The result of a trial—even perhaps of summary judgment proceedings—might well be a finding that the Greek investigation is dead in the water. Indeed, since the Greek authorities have not brought the Mavrakises to trial in the six years since Balagiannis filed his Greek claims, or so far as appears done anything else to suggest a live investigation and expectation of an eventual trial, it is unlikely—it may in fact be out of the question—that the couple will ever be prosecuted in Greece. (Would Greece even request their extradition, and if so would the United States honor the request?) To determine that possibility would require evidence from experts on Greek criminal procedure who—whether Greek or American—are knowledgeable about the extraordinary current strains on the Greek government as a result of Greece's dire financial straits, which have produced a bitter conflict between that government and the European Union's financial authorities plus the nation's numerous importunate creditors.
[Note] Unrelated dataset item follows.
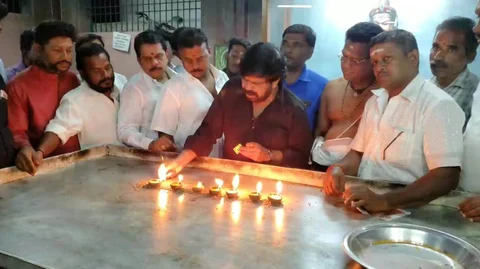 சித்திரகுப்தர் ஆலயத்தில் டி.ராஜேந்தர்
If indeed the investigation will not result in a prosecution, Balagiannis is entitled to the promised $925,000 minus any damages that delay has imposed on the Mavrakises. Should it be impossible to determine the fate of the investigation or to assess damages that the investigation's continued existence, limbo-like though it is, is imposing on the Mavrakises, an alternative remedy might be to require them to place the $925,000 that they may ultimately be determined to pay Balagiannis in escrow (where it would earn interest) for a period of say three years. If at any time during that period the investigation was definitely closed, the money, including any accrued interest, would go to Balagiannis. Otherwise it would stay with the Mavrakises.
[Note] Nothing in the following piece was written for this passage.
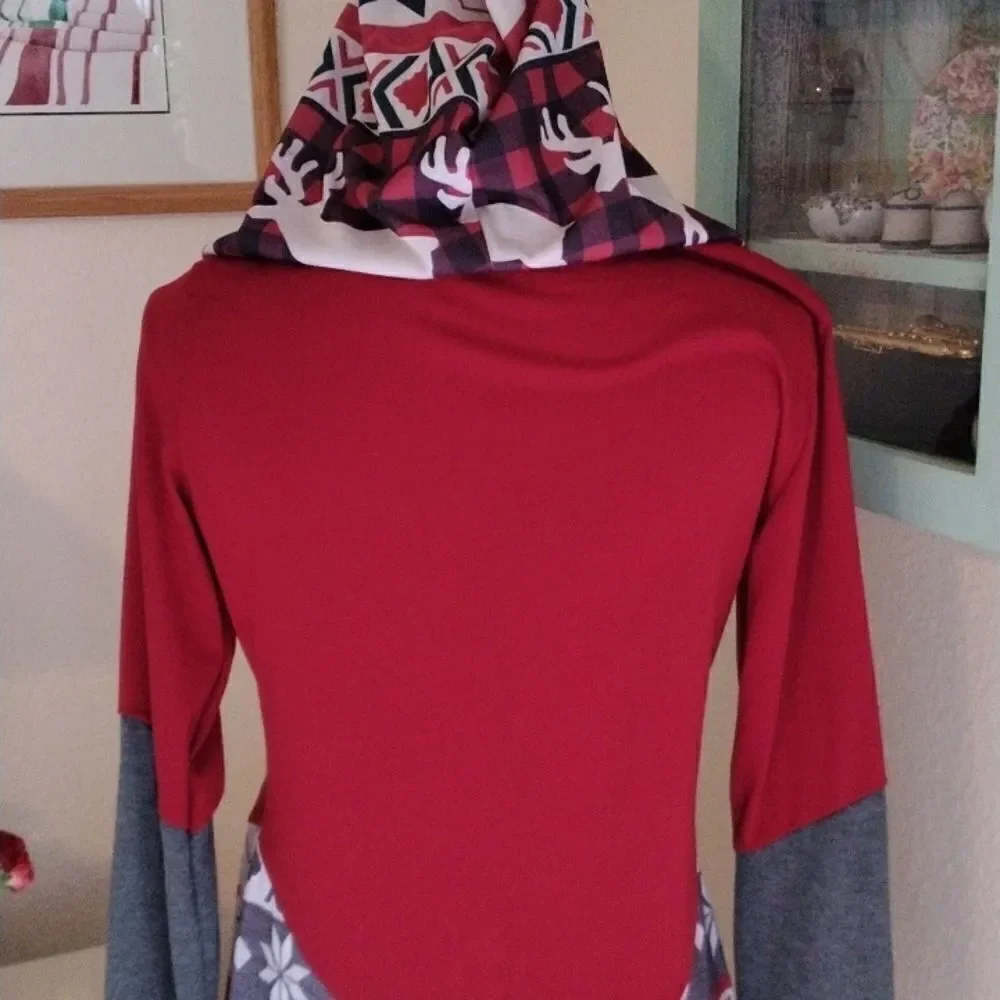 NWT Camisa Wintery Cover Up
All that is clear at this stage is that the suit has been dismissed prematurely and therefore that the dismissal should be reversed and the case remanded to the district court for evidentiary proceedings.
I want in closing to remark a general issue of federal practice that this case illustrates. Recall that the district judge's main reason (mysteriously ignored in the majority opinion) for dismissing Balagiannis's suit was his four-month delay in filing the second letter. The second letter is crucial to his case. I find myself increasingly uncomfortable with basing dismissals with prejudice on harmless procedural bobbles. The only argument in favor of such summary justice that I can imagine is that by punishing parties for their lawyers' mistake we improve the quality of the bar; the lawyers who disserve their clients attract fewer new clients and eventually perhaps are forced to leave the practice—an example of the positive effect of competition on the quality of goods and services that a market provides. But while this is plausible in theory, I have to say that in more than 33 years as a federal court of appeals judge I have not noted any improvement in the average quality of the lawyers who appear before us. I find it difficult to believe that punishing Balagiannis and his lawyer by in effect a “fine” of $925,000 will promote the quality of legal representation in the courts of this circuit.